Sturmius, der um 710-779 lebte, stammte aus bayerischem Adel, wurde im Kloster Witzlar ausgebildet und etwa 739 zum Priester geweiht. Als engster Vertrauter Bonifatius' wurde Sturmius erster Abt des Klosters Fulda, des Wichtigsten von Rom im Kampf um die Schaffung einer fränkischen Reichskirche und dabei Wiege des Entstehens der Stadt Fulda.
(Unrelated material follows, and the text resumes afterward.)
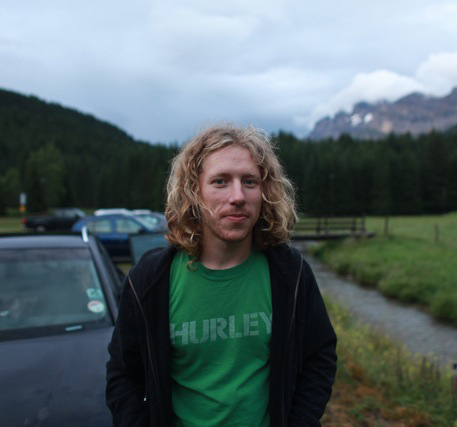 Photographer, producer, cyclist, coffee obsessive, wannabe baker and slave to the sourdough.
Mit der Stiftung von Bistümern in Passau, Freising, Regensburg, Erfurt, Würzburg, Eichstätt und Ochsenfurt schuf Bonifatius danach weitere Stützpunkte der Christianisierung.

Unzüchtige Priester und Heuchler

Das fränkische Episkopat lehnte zunächst jedoch mehrheitlich eine von Rom straff geleitete Kirche ab. Die von den Fürsten und Landeskirchen eingesetzten Würdenträger kamen aus dem Adel, führten ein weltliches Leben und vererbten ihre Diözesen wie Familienbesitz. In den Berichten des Bonifatius nach Rom ist immer wieder die Rede von unzüchtigen Priestern, von Heuchlern, von Geistlichen, deren Herkunft niemand kennt, die aber trotzdem geweiht werden. Er klagte über Bischöfe und Priester, die sich nicht nur als Grundherren fühlen, sondern in den Krieg ziehen und ein ausschweifendes Leben führen, sich mit ihrer Trinkfestigkeit brüsten und nicht nur verheiratet sind, sondern obendrein noch ehebrechen. Vor allem zwei Bischöfe waren seine erbitterten Feinde: Gewillip von Mainz und Milo von Reims und Trier, die beide ihre Bistümer von den Vätern geerbt hatten. Gewillip enthob 745 ein Konzil seines Amtes und berief Bonifatius zu seinem Nachfolger. Milo setzte auf Betreiben Bonifatius' 744 die Synode von Soissons als Bischof von Reims ab. In Trier blieb er im Amt, bis er auf einer Eberjagd, wahrscheinlich 757, den Tod fand.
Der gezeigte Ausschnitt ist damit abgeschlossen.